Damit dieser Trend anhält gehen ab Mai die „Kaiser-Rendite Plus“ bei der Hamburg Mannheimer und die „Dual Rente aktiv“ bei der Victoria an den Start. Es handelt sich laut ERGO um ein dynamisches Hybridprodukt, das im Oktober 2007 erstmals bei der HypoVereinsbank an den Mann und die Frau gebracht wurde. Die fondsgebundene Rentenversicherung garantiert auf der einen Seite den Erhalt der eingezahlten Beiträge, auf der anderen Seite nutzt sie die Chancen des Kapitalmarktes. In die gleiche Richtung zielt – ebenfalls als private Rentenversicherung auf Fondsbasis – die „Global topReturn“ von der Vorsorge Luxemburg Lebensversicherung S.A.. Sie wird seit März über Makler vertrieben. „Bei beiden Produkten wird Flexibilität groß geschrieben“, so Dr. Johannes Lörper vom Vorstand der ERGO Versicherungsgruppe. Konkret bedeutet das, der Kunde kann selbst über den Rentenbeginn entscheiden und auch darüber, ob er sein Kapital auf einen Schlag oder in Raten ausgezahlt haben möchte.
Bei der betrieblichen Altersvorsorge gehen die Lebensversicherer der ERGO ebenfalls von sehr guten Wachstumschancen aus – insbesondere weil sie sich als Instrument zur Bindung von Fach- und Führungskräften bewährt hat.

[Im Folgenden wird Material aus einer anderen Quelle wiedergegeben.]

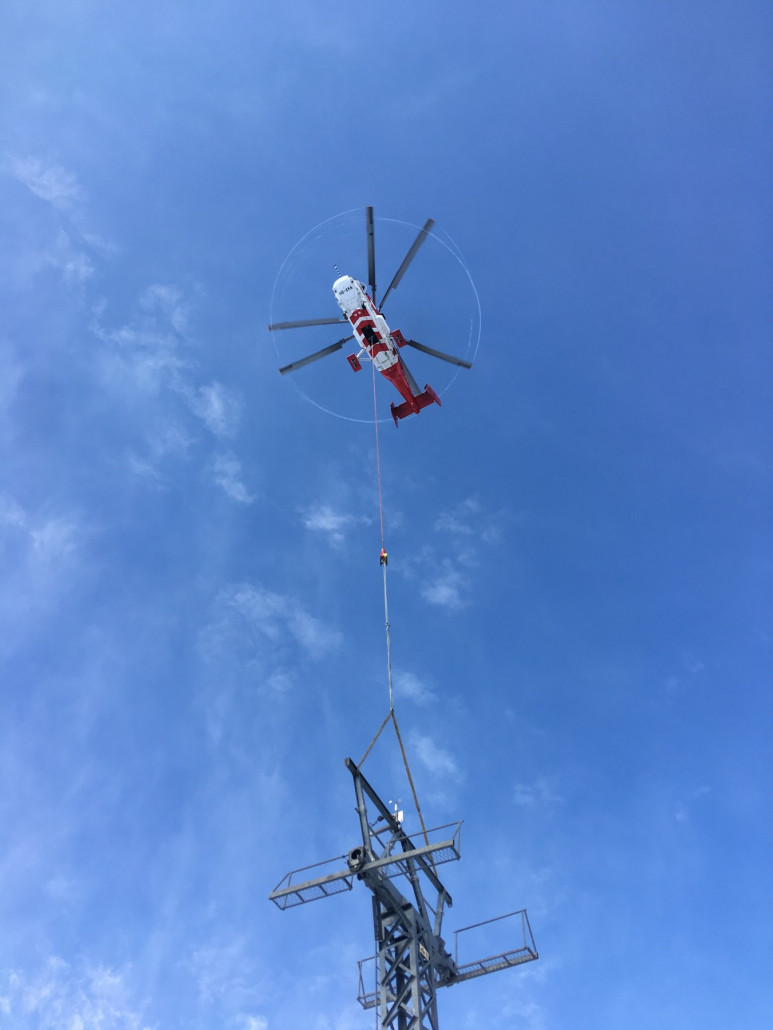 27. Mai 2021 - KAMOV mit ein teil des Stutze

Schon im vorigen Jahr legten die Unternehmen in diesem Bereich deutlich zu. Das Neugeschäftswachstum lag bei 27 Prozent. Bei den fondsgebundenen Lebensversicherungen waren es sogar 68,5 Prozent. Sehr zufrieden zeigt sich der Vorstand auch mit der Verwaltungskostenquote, die von 3,4 auf 3,3 Prozent gedrückt werden könnte und in rund zwei Jahren bei 2,9 Prozent liegen soll.